事業計画書の書き方がカギ!創業2期以降のおすすめ融資制度を徹底解説!【融資相談室】
スタートアップの融資を支援しているINQの若林( @wakaba_office )です。
また、「スタートアップ投資TV」というYouTubeチャンネルで、#融資相談室 というスタートアップ融資に関する情報を発信しています。
本記事は「事業計画書の書き方がカギ!創業2期以降のおすすめ融資制度を徹底解説!【融資相談室】」という動画の内容を書き起こしたものです。
Gazelle Capital 株式会社の近藤絵水さんを司会に、企業の月商ごとにどのような融資が適切なのかについて語りました。
創業1期未満の融資について
近藤さん:具体的に月商をどういった形で分けて考えたらいいのでしょうか。
若林:まず月商500万未満のところで1回切れるかなと思います。さらに500万未満の中でも、創業1期未満で月商0〜100万円くらいの間で言いますと、いわゆる創業融資のポイントになってきます。
大事なことが3つあります。
代表者の方の経験
自己資金
事業業計画
この3つが非常に重要なフェーズというのが創業1期未満ですね。このフェーズだと日本政策金融公庫と信用保証協会の保証付融資を使って借るのが基本になります。
日本政策金融公庫から融資を受けられる金額は300万から800万円くらいが平均値になるでしょう。そこに保証協会付融資をどれくらいのプラスオンできるかというような形になると思います、
近藤さん:MRR(月次経常収益)が100万円未満の企業は今お話しした内容に当てはまり、前回の動画で詳しく解説しているので、そちらを見ていただければと思います。
MRRが100万~500万円までの融資
若林:MRRが100万~500万円までで、かつ創業1期を超えているような企業は日本政策金融公庫でも自己資金要件がなくなってきたり、何より1期目の決算書があります。スタートアップの1期目の決算書はあんまり当てにならいことが多いのですが、とりあえず出てはいるのでここから少しずつ決算書のウェイトが大きくなってきます。

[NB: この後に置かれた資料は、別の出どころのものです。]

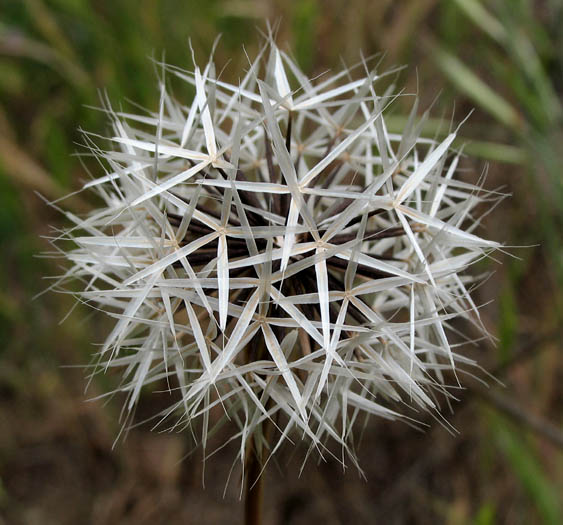 Detailed Picture 6 of Uropappus lindleyi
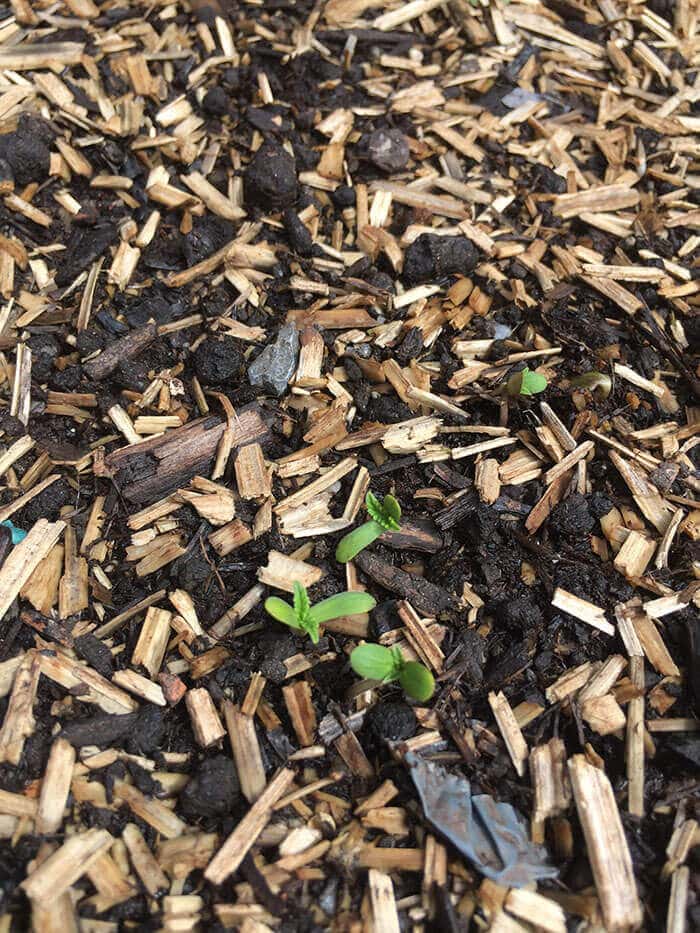 Hanfschäbe Gartenmulch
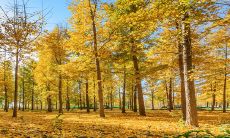 正月初一出生男孩天子命2023年 晚年生活丰足无忧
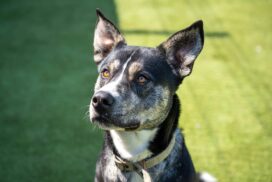 Bath Cats and Dogs Home says more adolescent cats and dogs are being surrendered as owners struggle with challenging teenage pet behaviour.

決算書を見てデータベースに入れた時に、ある種自動的に格付けというスタートラインが決まってくるので決算書の内容は非常に重要です。創業1期以降で、かつMRRが100万〜500万円となってくると、また違った取り組みが必要になります。
MRR100万~500万円の制度や金融機関
近藤さん:まずそのフェーズで教えていただきたいのが、どういう銀行が対象になるか、どういうところから融資が受けられるかですが、具体的にどういったような方々とご縁をいただくことになるのでしょうか。

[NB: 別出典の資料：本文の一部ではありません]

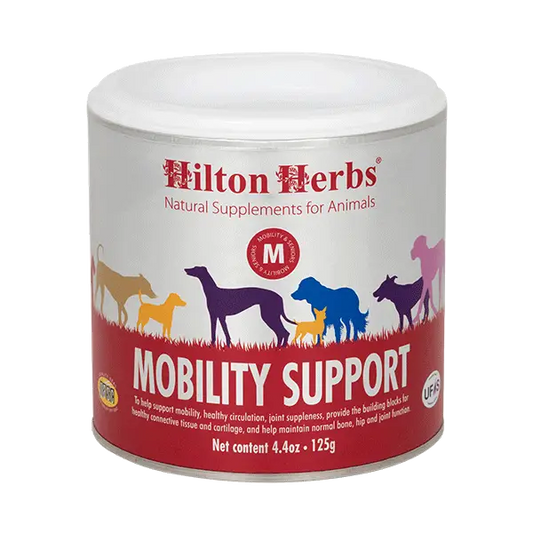 Mobility support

若林:申し込み先は大きく変わらなくて、※日本政策金融公庫も2期未満は新創業融資が使えますし、それから保証協会付融資も8,000万円までの無担保無保証枠があり、それを超えない限に使えるので日本政策金融公庫と民間金融機関(銀行・信金・信組)の保証協会付融資がベースになるのは変わりません。
この時点だとまだプロパー融資みたいなものは基本的には厳しい段階にありますので、マル経融資というもので、商工会議所が窓口になって日本政策金融公庫のお財布から出すというものがあるので、そういったものも1期を超えていてかつ従業員が、サービス業だと5人以下など一定の条件を満たすと使える融資があります。日本政策金融公庫、保証協会付融資、マル経融資辺りが対象になってくるのがMRR100万から500万円の企業です。
※動画収録時点では存在していた日本政策金融公庫の新創業融資は2024年3月末に実質廃止
近藤さん:その3つに注目して覚えておいたら良いですかね。
若林:そうですね。
2回目以降の融資の注意点
若林:月商100〜500万円になると1回目とは限らないんですよね。
近藤さん:創業直後などにご縁をいただいてる方が2回目にチャレンジをされるというケースですね。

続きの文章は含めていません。